PPC-GPT: Federated Task-Specific Compression of Large Language Models via Pruning and Chain-of-Thought Distillation
Tao Fan, Guoqiang Ma, Yuanfeng Song, Lixin Fan, Qiang Yang

TL;DR
PPC-GPT introduces a federated framework that combines privacy-preserving data perturbation, synthetic data generation, and task-specific model compression to efficiently create small, domain-specific language models without compromising privacy.
Contribution
It presents a novel unified approach integrating differential privacy, synthetic data, and pruning for federated LLM compression, addressing privacy and resource constraints simultaneously.
Findings
Achieves performance comparable to full LLMs on various tasks.
Ensures robust privacy protection through federated architecture.

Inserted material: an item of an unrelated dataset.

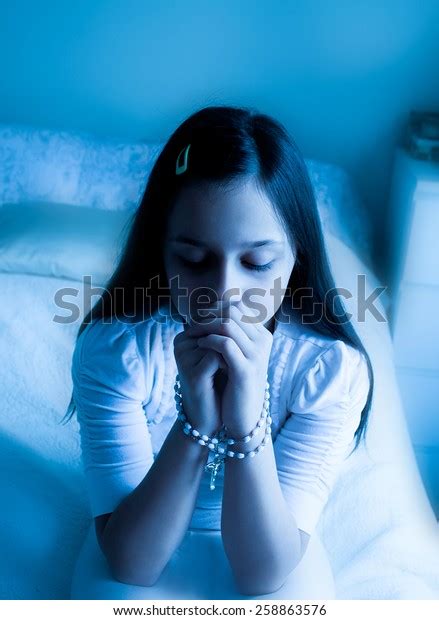 Little Girl Praying Her Bedroom Stock Photo 258863576 Shutterstock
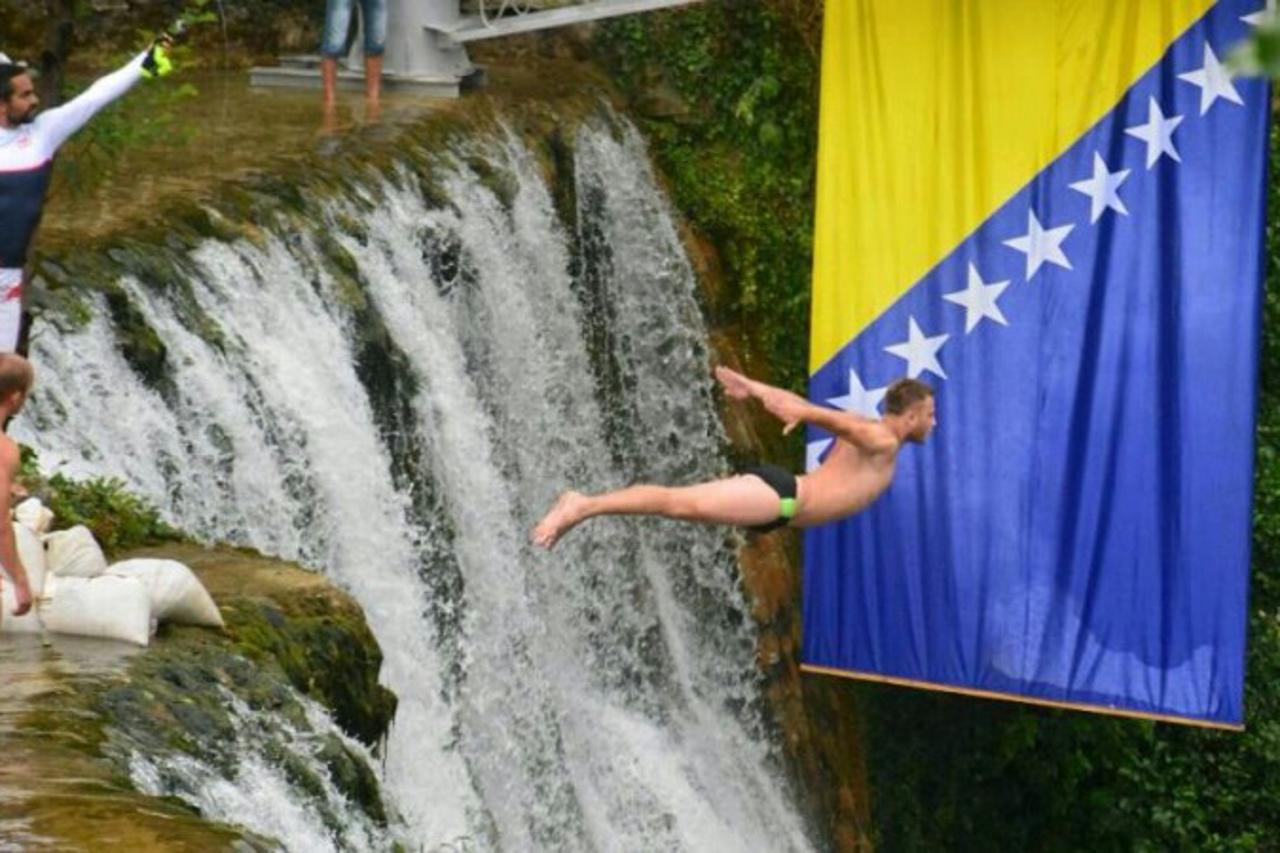 skokovi u Jajcu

Effectively compresses models while maintaining task-specific accuracy.
Abstract
Compressing Large Language Models (LLMs) into task-specific Small Language Models (SLMs) encounters two significant challenges: safeguarding domain-specific knowledge privacy and managing limited resources. To tackle these challenges, we propose PPC-GPT, a novel unified framework that systematically addresses both privacy preservation and model compression in federated settings. PPC-GPT works on a server-client federated architecture, where the client sends differentially private (DP) perturbed task-specific data to the server's LLM. The LLM then generates synthetic data along with their corresponding rationales. This synthetic data is subsequently used for both LLM pruning and retraining processes. Our framework's key innovation lies in its holistic integration of privacy-preserving mechanisms, synthetic data generation, and task-specific compression techniques, creating unique…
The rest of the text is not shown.